Drake elm Pros and Cons


The Drake Elm is a deciduous tree with dense foliage, arched branches, and bright green leaves. It is a great tree that is completely undervalued. The Drake is an excellent shade tree with an umbrella-like appearance that can be used with other elms to frame an entry or line a road. In Zones 6-9, the Drake grows quickly and can withstand temperatures down to 5 degrees. It has an equal spread and rises to a height of 35 to 45 feet. This elm should be planted in soil that is acidic, moist, and well-drained in full sun.


Leaf Structure

The Drake Elm's leaf structure is one of its most recognizable characteristics. The tree has an exquisite appearance due to its small, elliptical, glossy green leaves with serrated edges.

Bark Texture

The Drake Elm's speckled bark has an attractive pattern of grays and browns. The tree looks more appealing due to this particular texture, especially in the winter.


Exquisite Look

The Drake Elm is popular for a variety of reasons, including its remarkable beauty. The tree's spotted bark reflects combinations of grey, green, brown, and orange, giving any landscape an aesthetic flair. All year long, the glossy green leaves and graceful, arching branches of this tree create a pleasant and picturesque landscape.

Fast Growth Rate

The Drake Elm is a great option for individuals who want their landscaping work to provide results quickly. This tree grows quickly, enabling it to reach a significant height in a short period of time. The speedy growth makes it the perfect choice for new buildings and regions in need of urgent greenery because it can quickly give enough shade and privacy.

Tolerance to Drought

The Drake Elm's drought resistance is extremely useful in areas where water supplies can be limited. Once established, this tree can tolerate dry spells, requiring less irrigation overall. It is an environmentally friendly choice that helps to preserve water resources because it can endure such conditions.

Easy to maintain

The Drake Elm requires less upkeep than some other tree species. It requires fewer treatments because it is typically resistant to diseases and pests. It's also strong enough to endure moderate winds and storms.


Disease Susceptibility

Even though the Drake Elm is renowned for its toughness, diseases can still affect it. These trees are particularly vulnerable to elm anthracnose. Drake Elms must be protected from this disease with appropriate preventative measures and early discovery.

Invasive Roots

The root system of a tree is one component that must be carefully considered. Drake Elm roots have a reputation for being aggressive and invasive, which can cause problems with neighboring structures like sidewalks and foundations. Regular root-cutting and strategic planting can help reduce potential issues.

Attraction to Pests

Although the Drake Elm is often pest-resistant, some insects and pests can still be drawn to it. These trees are known to be infested by aphids and caterpillars, which could potentially harm the leaves' appearance. 

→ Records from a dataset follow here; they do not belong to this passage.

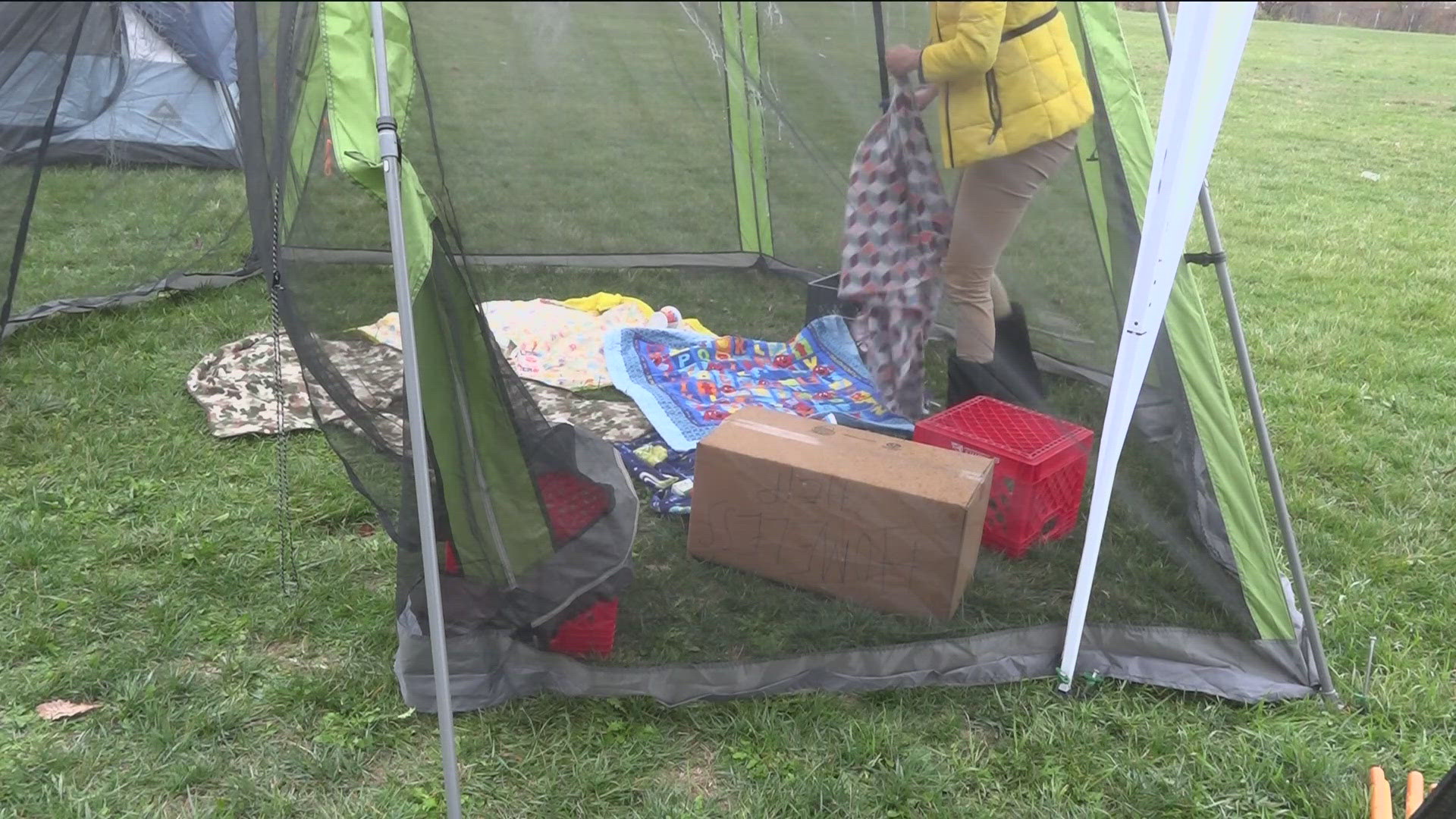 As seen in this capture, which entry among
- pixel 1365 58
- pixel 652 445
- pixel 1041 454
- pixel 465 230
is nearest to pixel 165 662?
pixel 465 230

Before planting, find a location with adequate room to suit the size of your Drake Chinese Elm. Additionally, your Drake should be established in a bright location with fertile soil that drains well and 6 to 8 hours of direct sunlight per day.

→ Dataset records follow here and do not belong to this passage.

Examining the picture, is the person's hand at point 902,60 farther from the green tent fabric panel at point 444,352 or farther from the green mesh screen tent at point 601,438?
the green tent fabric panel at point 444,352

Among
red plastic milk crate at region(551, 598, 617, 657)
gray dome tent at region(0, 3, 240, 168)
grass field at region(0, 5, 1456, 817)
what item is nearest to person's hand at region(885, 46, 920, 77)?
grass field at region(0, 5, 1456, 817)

Once you've found a good spot, dig a hole that is a minimum of 2-3 times larger than the root ball of your tree. When you've planted your Drake Elm, backfill the dirt around it, push it down to remove any air pockets, and then give it a little water to help the roots to establish. After planting, all that's required is watering and monitoring. It is not necessary to prune or fertilize.

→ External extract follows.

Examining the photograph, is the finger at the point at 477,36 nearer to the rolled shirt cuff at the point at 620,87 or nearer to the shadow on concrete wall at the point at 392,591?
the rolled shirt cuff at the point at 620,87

The Drake Elm is quite simple to cultivate, but it's vital to follow an appropriate watering plan. During the growing season, give your tree consistent watering (about one good soak per week is sufficient).

Check the soil around your Drake, down to 2 or 3 inches, if you're uncertain when to water it. Water should be applied if the soil in this area is dry.

Drake elm vs Chinese elm

Ulmus parvifolia 'Drake', a Drake Elm tree, has a slightly more weeping tendency than Chinese Elms do. Its leaves also remain on the tree for a longer period of time and its bark exfoliates earlier.